- **Data for this exercise**:
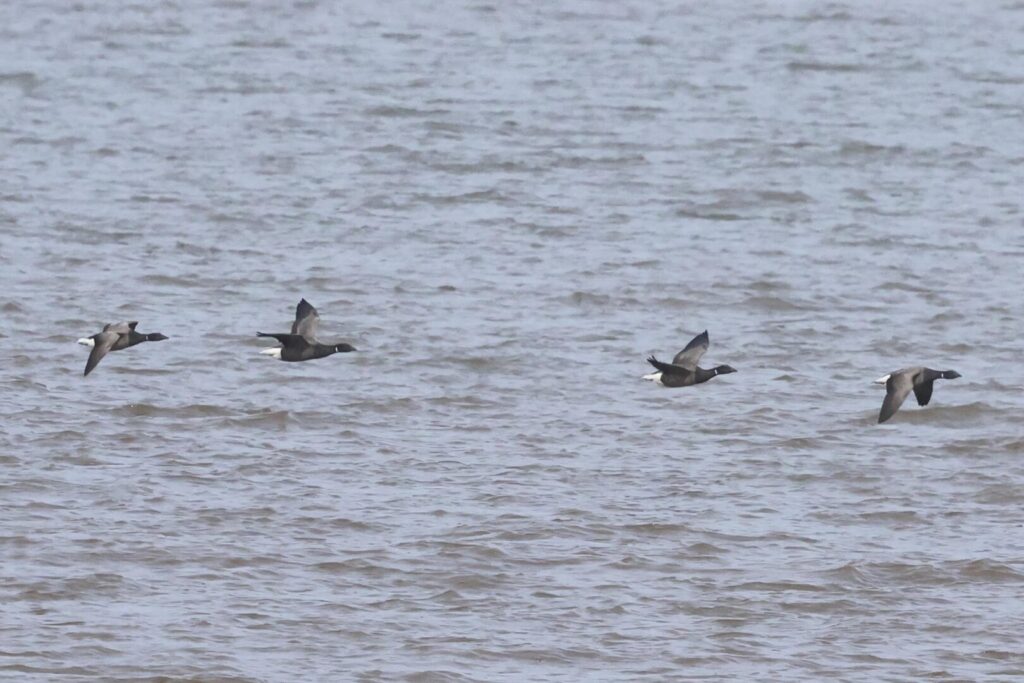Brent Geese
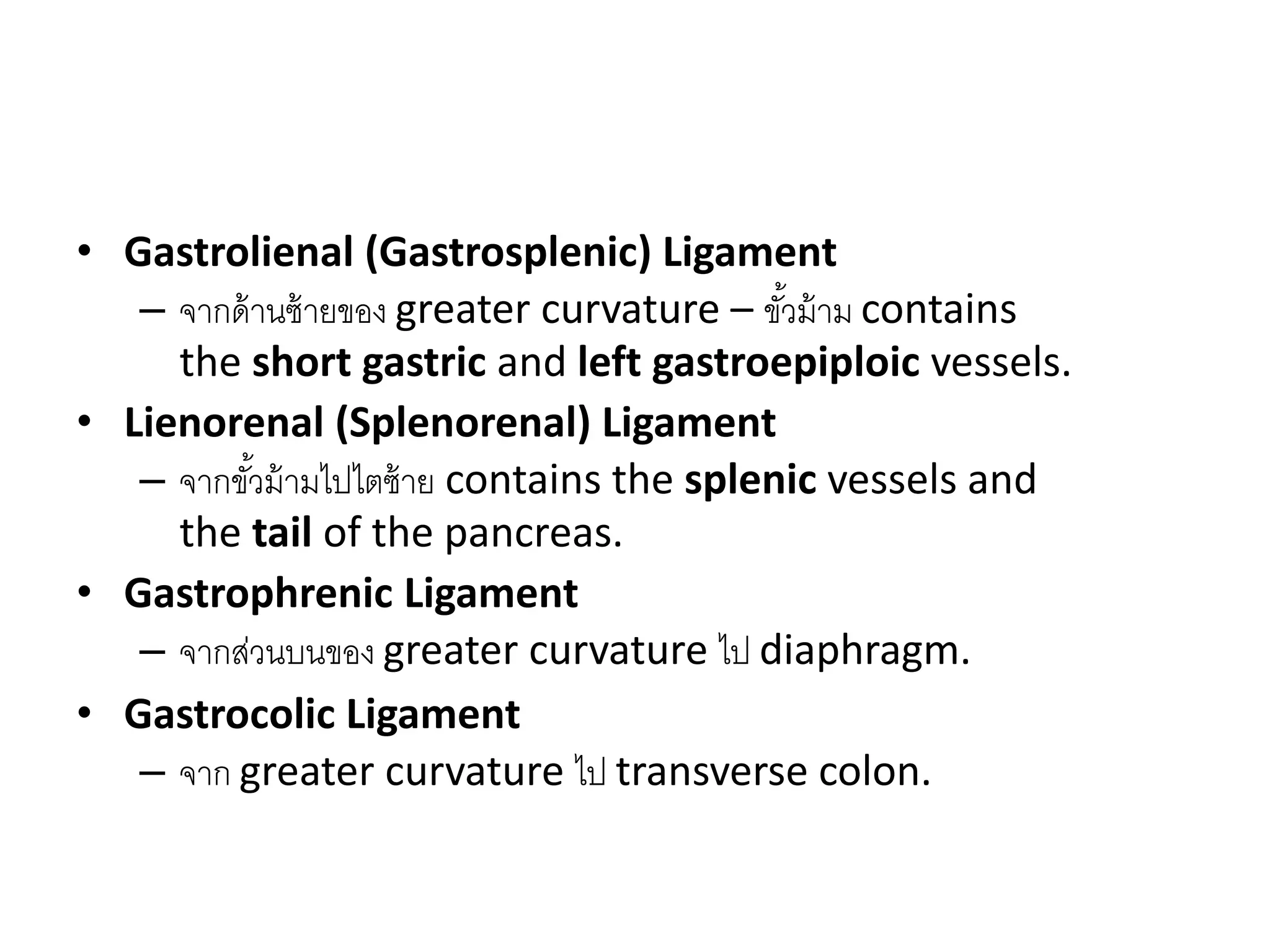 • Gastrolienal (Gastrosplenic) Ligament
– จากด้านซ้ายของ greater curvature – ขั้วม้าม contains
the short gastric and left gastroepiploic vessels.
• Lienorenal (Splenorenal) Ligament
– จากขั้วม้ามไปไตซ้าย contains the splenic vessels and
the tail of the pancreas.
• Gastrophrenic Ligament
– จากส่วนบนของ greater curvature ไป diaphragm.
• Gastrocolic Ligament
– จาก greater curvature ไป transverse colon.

- **Task brief**: The lines to write out are those from the first line of the listing above through the line bearing "curvature ไป diaphragm.", both included, copied exactly with pictures dropped.

- **Final answer**:
Brent Geese
 • Gastrolienal (Gastrosplenic) Ligament
– จากด้านซ้ายของ greater curvature – ขั้วม้าม contains
the short gastric and left gastroepiploic vessels.
• Lienorenal (Splenorenal) Ligament
– จากขั้วม้ามไปไตซ้าย contains the splenic vessels and
the tail of the pancreas.
• Gastrophrenic Ligament
– จากส่วนบนของ greater curvature ไป diaphragm.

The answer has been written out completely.